ISO 20400 fournit des orientations ; Impact³ propose une méthode pour organiser la transformation Achats. La pyramide de maturité situe les capacités, le cube stratégique priorise les projets et l’entonnoir guide leur réalisation interdisciplinaire.
Les axes économie, risque supply chain, RSE et attentes des parties prenantes rendent les choix lisibles. Ils servent une finalité économique, sociale et environnementale, avec des résultats à démontrer après l’action.
L’articulation doit rester honnête : utiliser Impact³ ne vaut pas attestation automatique d’application de toute la norme. L’organisation doit examiner ses pratiques, ses écarts et ses preuves dans son contexte.
Par où commencer dans votre équipe ?
Choisissez une famille pilote et relisez une décision récente. Le besoin a-t-il été discuté ? Les critères étaient-ils compris ? Les coûts d’usage ont-ils été examinés ? Les engagements ont-ils été suivis après le contrat ?

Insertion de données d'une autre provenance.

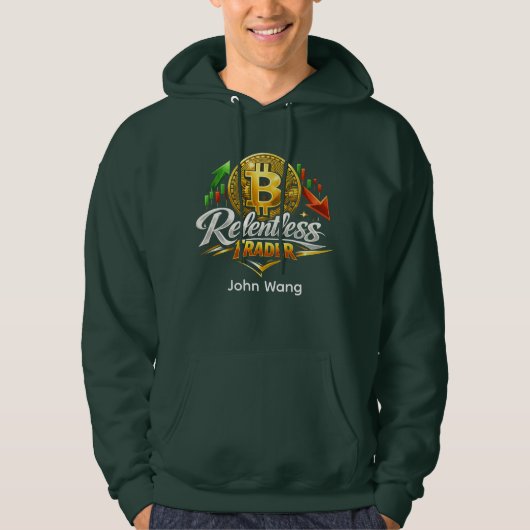 Relentless Trader Bitcoin Hoodie | Custom Name (Voorkant)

Transformez les réponses en quelques actions attribuées, puis testez-les sur un nouveau projet. La formation devient plus utile lorsqu’elle accompagne un dossier réel et un retour d’expérience.
Le guide de stratégie Achats responsables aide à passer du diagnostic aux priorités. Pour une reconnaissance externe, examinez séparément le dispositif RFAR et ses conditions.
Questions fréquentes
ISO 20400 est-elle certifiable ?
Non. C’est une norme de lignes directrices, non destinée à la certification. Un label ou une évaluation qui s’y réfère constitue un dispositif distinct.
ISO 20400 concerne-t-elle les petites entreprises ?
Ses orientations peuvent être utilisées par des organisations de tailles et d’activités différentes. L’application doit rester adaptée à leurs enjeux et moyens.
Quelle différence avec ISO 26000 ?
ISO 26000 traite de responsabilité sociétale de manière générale. ISO 20400 se concentre sur son intégration dans les achats.
Faut-il commencer par une charte fournisseur ?
Une charte peut être utile, mais elle ne remplace pas le travail sur le besoin, les priorités, les processus et le suivi des résultats.